We do agree that optional objectives should be redesigned and one suggestion I think would work, I forgot who suggested it, is to have a list of optional objectives before the mission starts, let's say 5 or 10 or 50 and then you choose two.

But only after you complete the game, they should not be forced onto the player.

I believe optional objectives were added to give the player a reason to replay missions and I agree with that. So why not unlocking a special feature after you finish the game which allows you to replay missions with restrictions, such as indeed:

1. Do not get detected
2. Cannot use medicine
3. Cannot use smoke bombs
etc.

That would give players a very good reason to replay missions.

pacmanate
07-14-2016, 11:32 PM
Yes, absolutely, it is subjective and in fact if they add something like this and they give me the option not to use it, I will certainly not complain.

But I'm just trying to understand the logic behind this suggestion :)

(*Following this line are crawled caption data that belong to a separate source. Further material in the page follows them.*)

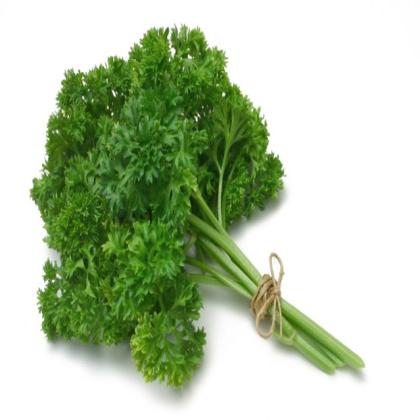 PARSLEY FRESH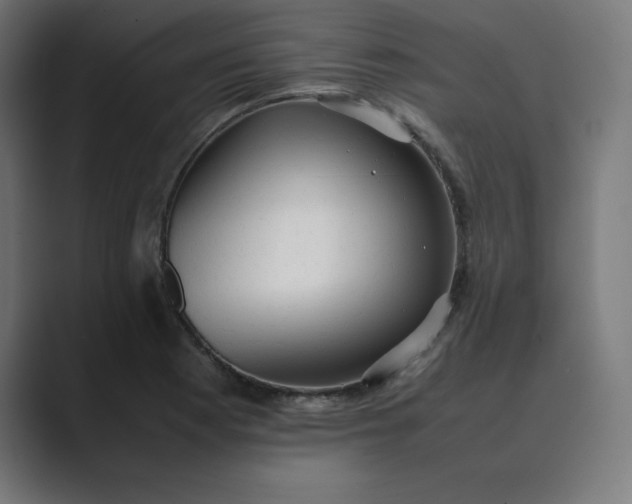 X0000089371177200706291242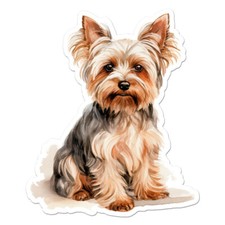 Yorkie yorkshire terrier for sale  USA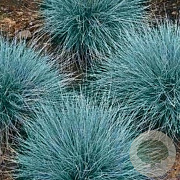 Festuca glauca GM P9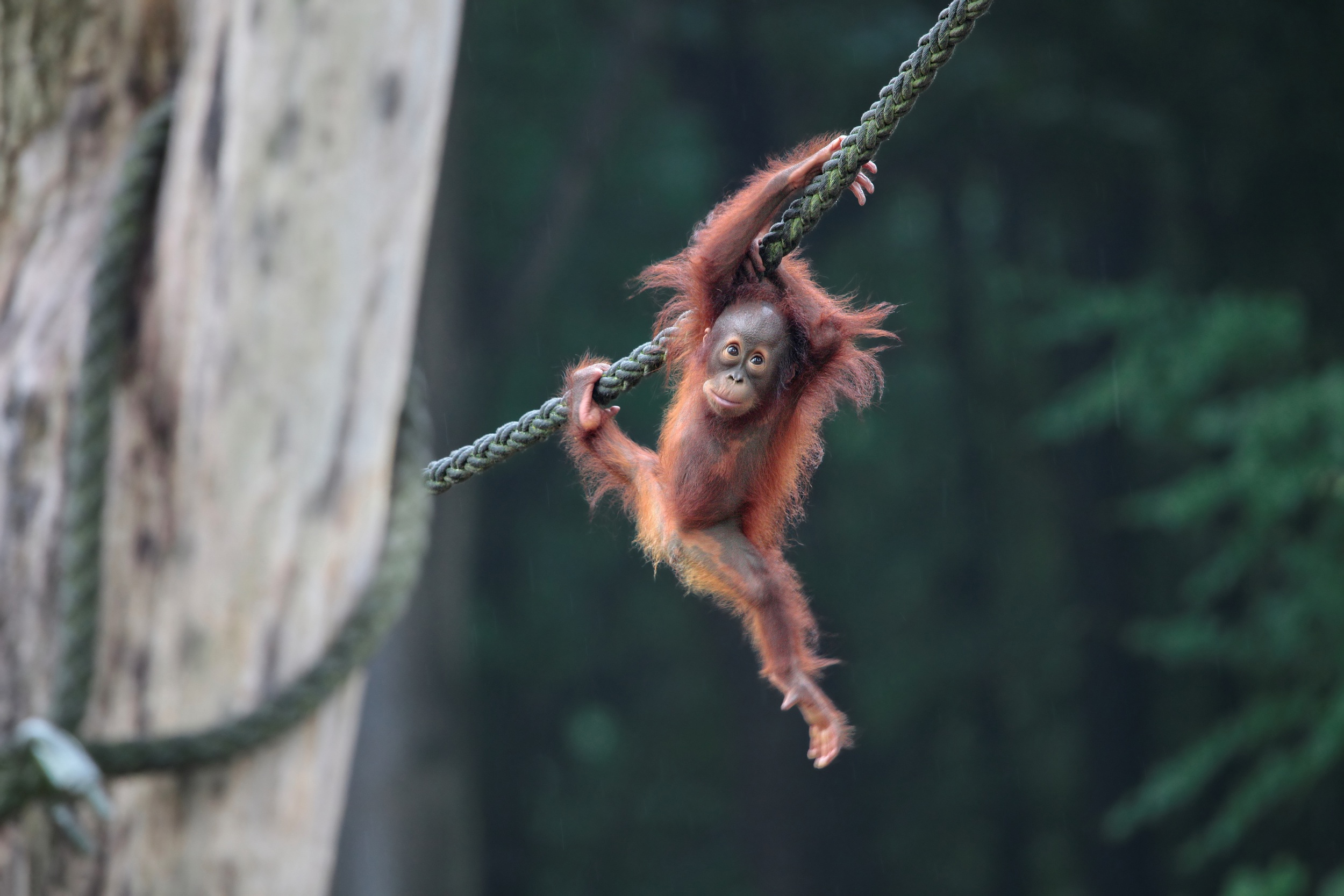 Playful Baby Orangutan Swinging HD Wallpaper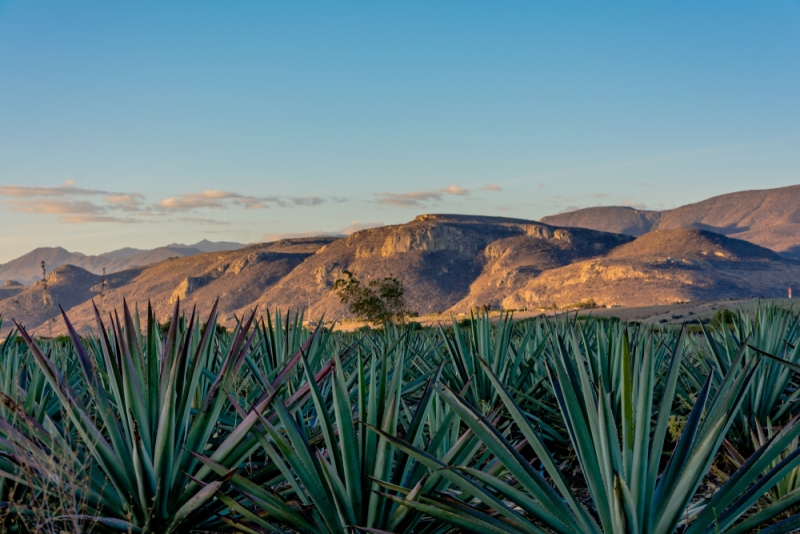 Un campo de magueyes en Oaxaca. (Shutterstock)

I mean you find a transistor, you enable it to make the game harder, you finish the mission and you are rewarded with a lot XP points but to do what? To use them to make the game easier as it was the case in Syndicate?

Also one can easily self-impose restrictions on his gameplay. I did it with Unity, completing missions without using smoke bombs, without berserk blades and if detected I stopped and restarted.


This is something I touched on before in reply to Sushi. It could potentially break the game if it kept giving XP as you could keep replaying the same easy mission over and over. Sushi came up with limiting it to a certain amount overall so anything over the max wouldnt count. It would have to be very balanced to stop this as I am not up for easy combat, I want to actually have to use my brain.

SixKeys
07-15-2016, 02:11 AM
It makes sense if you know how the Animus works. The majority of all those guards you see placed around the world are not true to life. The majority were not in those set positions nor did they look (facial wise) like how they look to us.

It's all a simulation based off an Ancestors memories. You think Ezio or Altair can remember every guard they ever passed? At best the only true placement of guards is in high profile areas. The only placement that could be 100% accurate are those Assassin's targets.

Having a guy with no shield suddenly have a shield is plausible as the guy without a shield most likely wasn't even there in the past anyway, so there is no difference.

Is this confirmed somewhere or is it mere speculation? I know the haybales were mentioned in the AC2 manual as being randomly placed in the simulation by Lucy/Rebecca, but I don't remember anything about guard placement being random.

TBH as much as I like the Animus as a framing device, when I'm in the past, I prefer to think we're seeing things how they really happened. Having the game constantly remind me that this is all a simulation that's probably not very accurate at all just kills immersion, like how Bishop would constantly talk to you during co-op missions in Unity. "Hey, just your periodic reminder that you're not actually Arno and those are not actual assassins, carry on with this pretend scenario!"